Matteo Renzi, leader di Italia Viva
Alla fine, il Partito Democratico ha ammesso quello che tanti docenti e Ata volevano sentire da tempo: la Buona Scuola, la contestatissima riforma Renzi-Giannini, è stato un errore. Come lo è stato riformare il lavoro, imponendo il Jobs act. Il mea-culpa, seppure tardivo, è arrivato, in modo più o meno diretto, nel corso della prima direzione Pd del post Renzi, dimissionario, svolta a Roma il 12 marzo e iniziata con la lettura del commiato del segretario dem, peraltro assente.
Le parole scritte sulla e-news dall’ex premier sono poche ma chiare: “Ho ricevuto email bellissime in questi giorni – scrive Renzi – Mi scuso se non riuscirò a rispondere a tutti uno per uno come vorrei”.

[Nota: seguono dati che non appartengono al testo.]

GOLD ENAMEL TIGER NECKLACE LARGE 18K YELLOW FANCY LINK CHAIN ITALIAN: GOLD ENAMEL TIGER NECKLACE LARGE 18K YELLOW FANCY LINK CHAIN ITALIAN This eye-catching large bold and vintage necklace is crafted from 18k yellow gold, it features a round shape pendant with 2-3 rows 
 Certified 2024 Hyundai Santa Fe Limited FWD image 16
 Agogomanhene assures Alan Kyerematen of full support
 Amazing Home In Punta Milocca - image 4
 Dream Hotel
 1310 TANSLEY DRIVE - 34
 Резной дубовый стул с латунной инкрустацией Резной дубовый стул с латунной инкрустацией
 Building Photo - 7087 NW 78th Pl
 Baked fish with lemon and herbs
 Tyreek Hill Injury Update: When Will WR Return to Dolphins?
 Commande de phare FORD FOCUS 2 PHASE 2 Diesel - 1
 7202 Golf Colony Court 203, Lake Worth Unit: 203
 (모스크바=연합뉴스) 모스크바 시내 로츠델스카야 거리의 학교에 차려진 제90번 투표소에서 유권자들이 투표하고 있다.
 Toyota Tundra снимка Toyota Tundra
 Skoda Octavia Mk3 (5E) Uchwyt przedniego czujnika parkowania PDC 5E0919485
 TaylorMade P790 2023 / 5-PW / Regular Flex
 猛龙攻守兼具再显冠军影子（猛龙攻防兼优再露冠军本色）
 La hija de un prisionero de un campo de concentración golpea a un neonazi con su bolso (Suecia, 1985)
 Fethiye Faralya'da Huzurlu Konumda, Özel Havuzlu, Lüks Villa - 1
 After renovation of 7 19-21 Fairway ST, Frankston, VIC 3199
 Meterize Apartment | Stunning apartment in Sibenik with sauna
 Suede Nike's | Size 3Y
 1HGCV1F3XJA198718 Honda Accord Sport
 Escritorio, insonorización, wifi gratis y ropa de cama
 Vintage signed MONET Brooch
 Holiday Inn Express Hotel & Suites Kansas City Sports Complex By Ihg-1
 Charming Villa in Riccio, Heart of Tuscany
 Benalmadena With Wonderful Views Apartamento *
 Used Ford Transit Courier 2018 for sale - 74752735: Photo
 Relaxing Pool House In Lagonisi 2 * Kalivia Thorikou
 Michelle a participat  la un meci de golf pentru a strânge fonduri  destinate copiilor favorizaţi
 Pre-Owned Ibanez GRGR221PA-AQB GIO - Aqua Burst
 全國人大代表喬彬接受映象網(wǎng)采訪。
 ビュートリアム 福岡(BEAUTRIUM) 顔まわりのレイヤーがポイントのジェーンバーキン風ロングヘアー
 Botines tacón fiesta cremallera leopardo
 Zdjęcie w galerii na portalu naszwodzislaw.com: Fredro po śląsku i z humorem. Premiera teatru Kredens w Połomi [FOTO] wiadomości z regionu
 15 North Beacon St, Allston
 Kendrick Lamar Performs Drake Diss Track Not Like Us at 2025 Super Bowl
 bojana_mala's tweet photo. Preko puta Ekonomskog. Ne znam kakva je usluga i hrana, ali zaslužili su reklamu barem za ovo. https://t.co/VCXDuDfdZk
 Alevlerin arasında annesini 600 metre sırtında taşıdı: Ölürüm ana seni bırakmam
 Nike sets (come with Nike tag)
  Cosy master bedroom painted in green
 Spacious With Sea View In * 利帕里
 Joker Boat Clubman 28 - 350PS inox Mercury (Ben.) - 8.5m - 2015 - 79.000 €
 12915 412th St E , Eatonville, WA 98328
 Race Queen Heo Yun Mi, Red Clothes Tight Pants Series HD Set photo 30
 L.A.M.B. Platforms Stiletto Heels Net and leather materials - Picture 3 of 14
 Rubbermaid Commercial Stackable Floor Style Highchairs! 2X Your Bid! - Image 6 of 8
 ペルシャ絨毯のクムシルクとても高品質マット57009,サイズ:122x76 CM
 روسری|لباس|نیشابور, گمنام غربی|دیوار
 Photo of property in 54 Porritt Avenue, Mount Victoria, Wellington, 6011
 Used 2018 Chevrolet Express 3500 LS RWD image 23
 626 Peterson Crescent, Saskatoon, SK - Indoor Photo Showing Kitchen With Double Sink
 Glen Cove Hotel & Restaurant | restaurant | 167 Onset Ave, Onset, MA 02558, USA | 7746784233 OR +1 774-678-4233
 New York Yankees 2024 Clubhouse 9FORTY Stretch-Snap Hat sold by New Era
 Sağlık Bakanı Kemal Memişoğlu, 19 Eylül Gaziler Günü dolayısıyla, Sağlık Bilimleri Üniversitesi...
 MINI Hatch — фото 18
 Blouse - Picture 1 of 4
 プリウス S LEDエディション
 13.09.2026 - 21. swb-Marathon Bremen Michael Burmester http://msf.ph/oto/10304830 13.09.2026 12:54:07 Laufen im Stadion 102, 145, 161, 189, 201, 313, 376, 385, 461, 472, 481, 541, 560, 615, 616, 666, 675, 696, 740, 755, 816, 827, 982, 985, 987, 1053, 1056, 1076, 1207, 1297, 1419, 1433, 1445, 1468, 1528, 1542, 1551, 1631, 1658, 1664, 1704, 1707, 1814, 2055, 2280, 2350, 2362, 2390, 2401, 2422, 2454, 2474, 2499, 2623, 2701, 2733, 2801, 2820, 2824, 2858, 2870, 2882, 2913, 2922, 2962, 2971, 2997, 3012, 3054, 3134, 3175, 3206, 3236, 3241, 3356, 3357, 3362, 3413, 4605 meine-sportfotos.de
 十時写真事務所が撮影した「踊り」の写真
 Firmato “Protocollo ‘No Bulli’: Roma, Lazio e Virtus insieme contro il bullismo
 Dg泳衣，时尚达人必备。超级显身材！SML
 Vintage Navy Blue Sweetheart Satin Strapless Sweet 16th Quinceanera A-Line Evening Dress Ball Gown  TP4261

“Paolo però merita un’eccezione. È un ragazzo molto giovane, straordinario, che combatte contro la Sla”, spiega.
L’ex segretario dem pubblica la lettera in cui il suo sostenitore gli chiede di “ritirare le dimissioni” e gli domanda: “Ma perché ti sei preso delle responsabilità che tu non hai? Guai a te se la dai vinta a quei franchi tiratori dei finti amici, che pur di fare un dispetto al comandante della nave, hanno forato lo scafo, dimenticandosi che c’erano a bordo anche loro. Fai pulizia in casa, caccia via chi non ti merita e poi vedrai”, conclude Paolo.
“Ecco la mia risposta”, dice Renzi: “Caro Paolo, mi dimetto da segretario del Pd come è giusto fare dopo una sconfitta. Io non mollo, ma soprattutto non mollare tu! A tutti quelli che mi hanno scritto chiedendomi di non mollare rispondo nello stesso modo”.
Poi, la parola passa a Maurizio Martina, il vicesegretario: “Guiderò il partito con il massimo della collegialità e con il pieno coinvolgimento di tutti, maggioranza e minoranze, individuando subito insieme un luogo di coordinamento condiviso. Chiedo unità”.
Martina aggiunge che “l’Assemblea nazionale di aprile anziché avviare il congresso e le primarie dovrebbe dar vita a una Commissione di progetto per una fase costituente e riorganizzativa”.
Poi conferma: il Pd starà “all’opposizione”. E si rivolge a Lega e Cinque Stelle: “i cittadini vi hanno votato per governare, ora fatelo. Cari Di Maio e Salvini prendetevi le vostre responsabilità”.
A prendere la parola sono anche altri 57 componenti. Tra cui Graziano Delrio (“staremo dove ci hanno messo gli elettori, all’opposizione”), un severissimo Gianni Cuperlo (“va azzerato non solo il segretario ma tutta la segreteria e un intero gruppo dirigente. Va costituita subito quella collegialità che coinvolga la ricchezza di quel pluralismo che è mancato”) e Sandra Zampa: “la crisi del Pd è cominciata prima di Renzi, ma lui ha messo dentro benzina che rischia di bruciare tutto”.
Tra gli interventi più critici, c’è stato quello di Cesare Damiano, non proprio vicino a Renzi: “La relazione di Maurizio Martina è stata onesta, perché ha affrontato tutti i problemi ed è una buona base di discussione. Non dobbiamo cercare un capro espiatorio e non possiamo addossare tutte le colpe a Matteo Renzi. Ma in questi anni abbiamo fatto degli errori, come nel caso della buona scuola e del Jobs act”.
“Adesso dobbiamo voltare pagina e Martina nella sua relazione offre una pista di ragionamento, che è quella di ripartire dal basso. È questo che dobbiamo fare. Se vogliamo battere gli estremismi dobbiamo mettere in campo una proposta di riformismo radicale, ridefinendo il tema della protezione”, ha concluso Damiano.